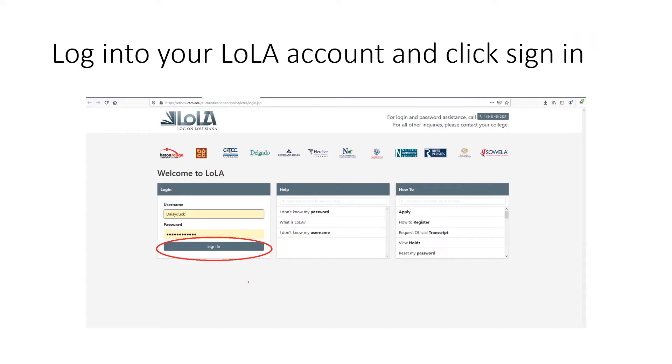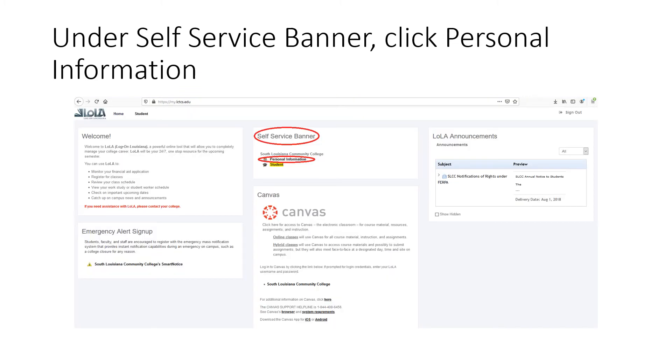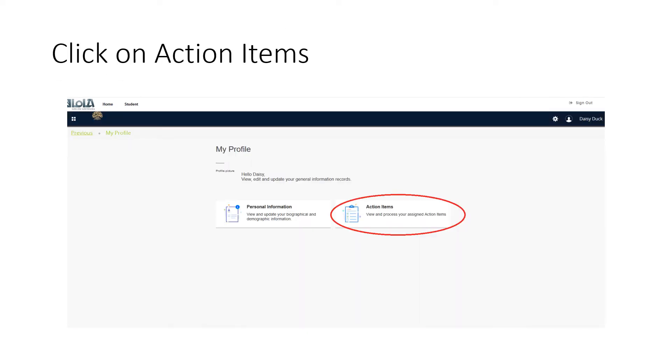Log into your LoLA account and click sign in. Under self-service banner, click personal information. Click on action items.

==

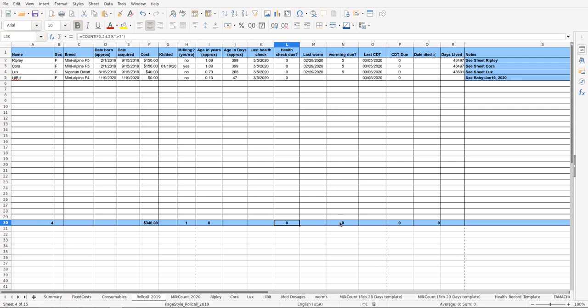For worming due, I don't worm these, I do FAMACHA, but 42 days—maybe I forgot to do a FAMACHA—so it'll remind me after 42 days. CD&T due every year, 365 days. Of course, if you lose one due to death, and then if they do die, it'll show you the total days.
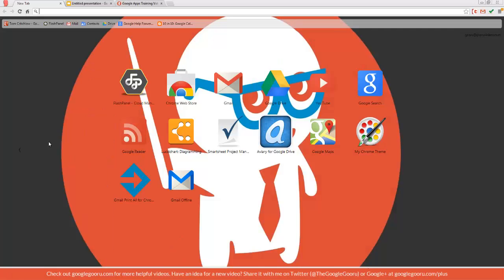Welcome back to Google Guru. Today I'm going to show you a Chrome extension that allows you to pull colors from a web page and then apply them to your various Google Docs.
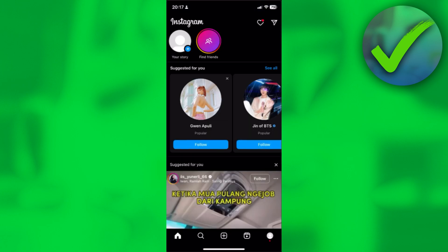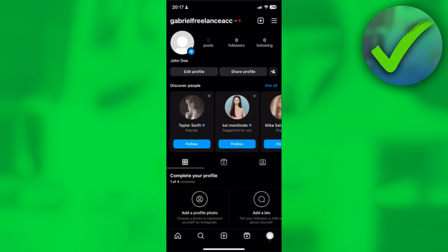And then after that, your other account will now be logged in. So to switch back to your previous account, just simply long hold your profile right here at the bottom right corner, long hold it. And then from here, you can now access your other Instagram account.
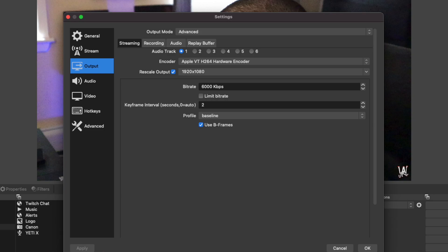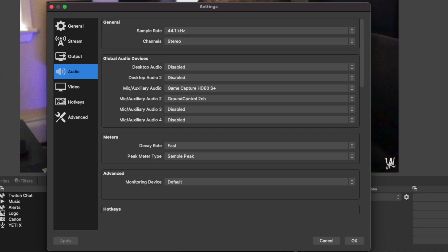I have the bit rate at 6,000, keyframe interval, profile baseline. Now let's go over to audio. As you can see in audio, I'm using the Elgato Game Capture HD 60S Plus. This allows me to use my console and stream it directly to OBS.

...

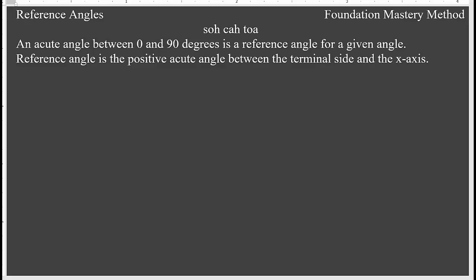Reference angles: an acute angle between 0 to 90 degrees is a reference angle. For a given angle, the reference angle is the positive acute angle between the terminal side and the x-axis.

Task brief
Extract the part of the records that opens with the line containing "And then after" and closes with the line containing "I have the bit". Take only those lines, exactly, and no pictures.

Written solution
And then after that, your other account will now be logged in. So to switch back to your previous account, just simply long hold your profile right here at the bottom right corner, long hold it. And then from here, you can now access your other Instagram account.
I have the bit rate at 6,000, keyframe interval, profile baseline. Now let's go over to audio. As you can see in audio, I'm using the Elgato Game Capture HD 60S Plus. This allows me to use my console and stream it directly to OBS.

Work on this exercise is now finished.